Cornershop: Judy Sucks a Lemon for Breakfast

Cornershop
Judy Sucks a Lemon for Breakfast
Ample Play
2010-04-20

It’s a mystery how and why Cornershop squandered its cultural capital, critical acclaim, and commercial relevance after 1997’s groundbreaking When I Was Born for the 7th Time, which was tapped by more than one publication as the best-of-the-year, ahead of even Radiohead’s OK Computer. Not only did that album create a dynamic, worldly sound that didn’t simply give in to exotic novelty, but it also augured even bigger things for the future of multi-cultural pop. No one expected it would take the likes of M.I.A. and Vampire Weekend to make good on that promise, not Cornershop itself. Rather than building on one of the era’s most distinctive albums, core members Tjinder Singh and Ben Ayres followed up 7th Time with the head-scratching decision to release a disco-funk redux project under the name Clinton, basically killing the Cornershop brand instead of growing it. Ever contrarians, the two have pretty much redefined their act as retro-rock reinventors instead of continuing on their original path to becoming true innovators.

While Singh and Ayres have clearly gained in proficiency and musicianship over the years, they’ve also lost a little bit of the edge to their inimitable vision, an iffy bargain that keeps Cornershop from fully standing out like it once did. Originally released in the UK last July, their latest, Judy Sucks a Lemon for Breakfast, is a solid effort like the Clinton foray and the bombastic classic rocker Handcream for a Generation before it, but it lacks the ingenuity that their mid-1990s work evoked. The group’s ’70s fixation is obvious from the get-go on “Who Fingered Rock’n’Roll?”, a swaggering Stones rave-up that’s heavy on attitude, but a little light in original inspiration. That the squiggle of sitar at the beginning gives way to Singh’s best attempt at a Roger Daltrey-like howl seems symbolic of Cornershop’s current trajectory, swapping their signature pop iconoclasm for an arena-scaled bluster.

The identity crisis of Judy Sucks a Lemon for Breakfast has less to do with the schizophrenic thrills of Cornershop’s best-known work and more with a surprising lack of individuality. Much of the album goes retro in a puzzlingly rote and even deferential way. While it might make some sense for the by-the-book remake of Manfred Mann’s “The Mighty Quinn” to be so reverent, the exceedingly long coda “The Turned on Truth (The Truth Is Turned On)” is really yet another cover of “Sweet Jane”, just with R&B-styled vocals and the slightest bit of sitar embellishment. On these tracks, the band seems to only go through the motions in revisiting its trademark sound, with the Indian elements appearing more as expected accents rather than a driving force in the mix.
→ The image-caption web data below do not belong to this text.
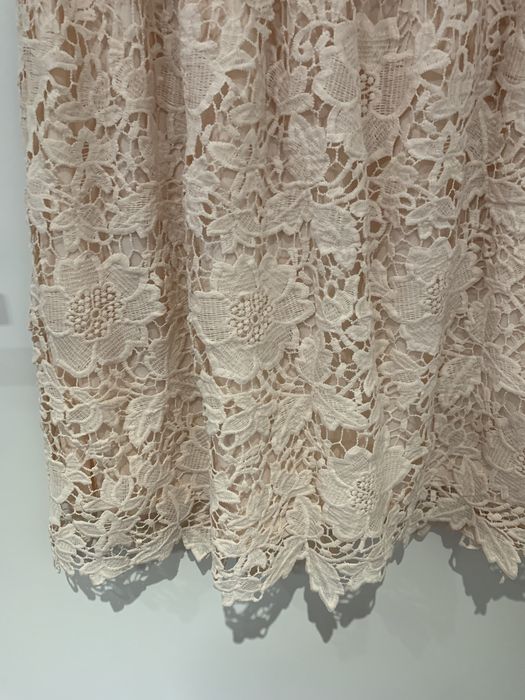 Koronkowa sukienka na jedno ramię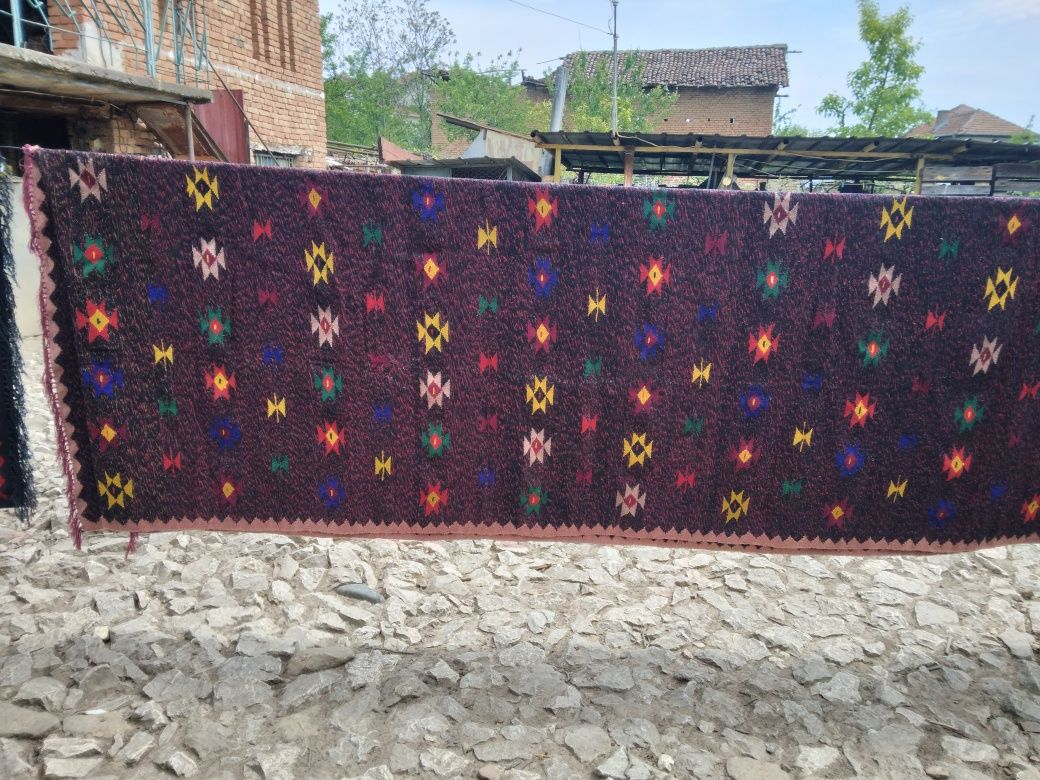 Ръчно тъкан тетевенски килим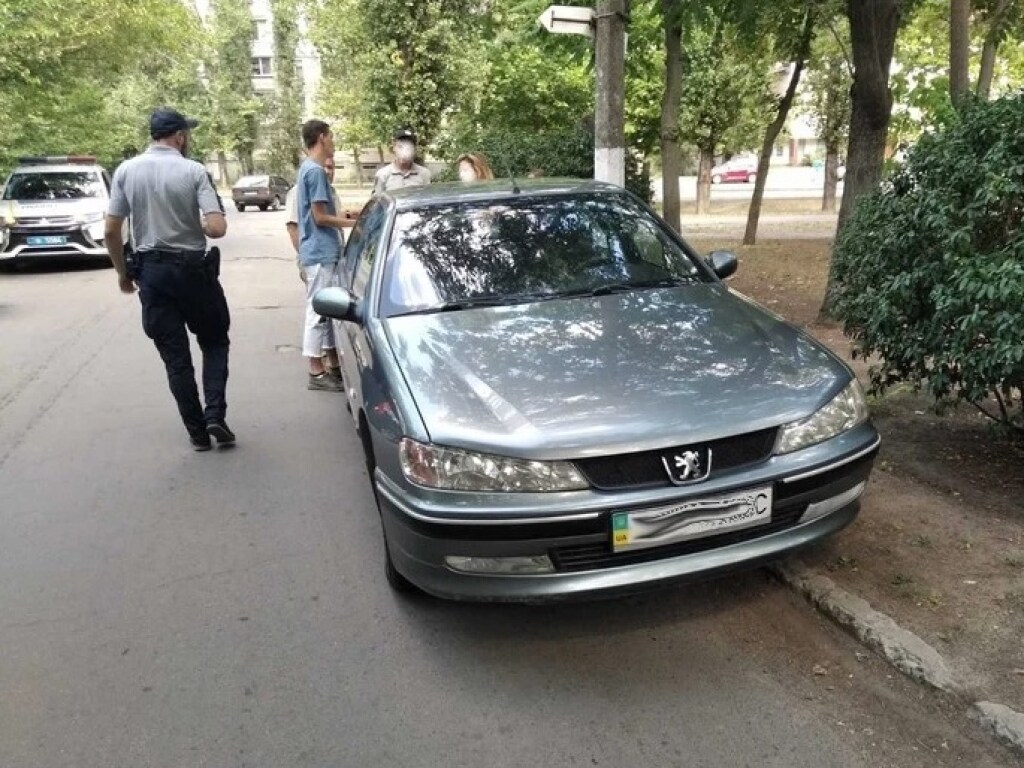 ДТП в Николаеве: девушка-водитель на внедорожнике врезалась в Peugeot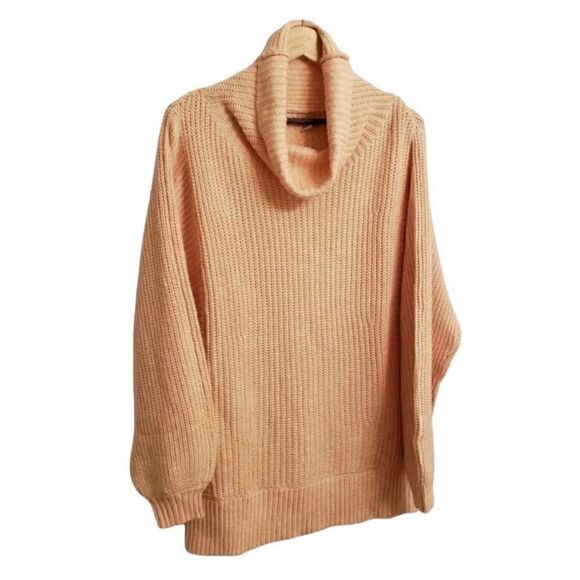 American Eagle Outfitters Oversized Peach Mock Neck
Sweater(Size XS) - Picture 5 of 9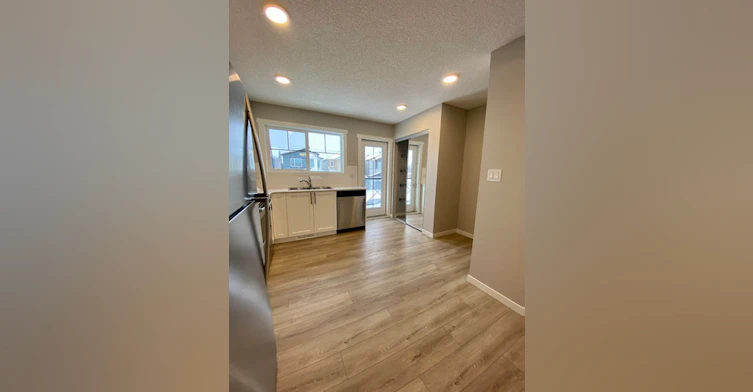 19737 28 Avenue Northwest, Edmonton, AB, T6J 4G4 - 11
Indeed, what makes the album as a whole all the more frustrating are the brilliant moments that not only recall the band’s best songs, but might actually one-up them. “The Roll of Characteristics (Of History in the Making)” is an epic romp, a funkier take on the Indian indie of Woman’s Gotta Have It and a more ambitious version of the catchiest fare of 7th Time. It’s a prime example of a Cornershop specialty, with its vaguely protest-pop vocals (“War ain’t nothing but a technical plip-plop”) delivered through fun but heady aesthetics. Better yet is the hybridity of “Free Love”, mixing and matching Punjabi vocals, Indian classical elements, rock instrumentation, and some electronic adornments so that the music gets its revolutionary message across even if you can’t understand the lyrics. And while the reggae experiment of “Operation Push” isn’t fully convincing, at least Cornershop’s mischievous, wildly creative side re-emerges, making an admirable attempt to draw the connections between British colonial outposts from the subcontinent to the Caribbean not just in the lyrics, but also in musical idioms. In these cases, Cornershop finds the sweet spot between sounding global and not making exoticized caricatures of themselves, building on a formula they had once perfected and had seemingly lost.

All in all, Judy Sucks a Lemon for Breakfast begs the question why Singh and Ayres are so fascinated in looking backwards to nostalgia rock when they’ve had their own trailblazing thing going all along. Then again, if there’s anything consistent to its long, often befuddling, but mostly rewarding career, it’s that Cornershop has never been hemmed in or bothered with expectations, for better and for worse.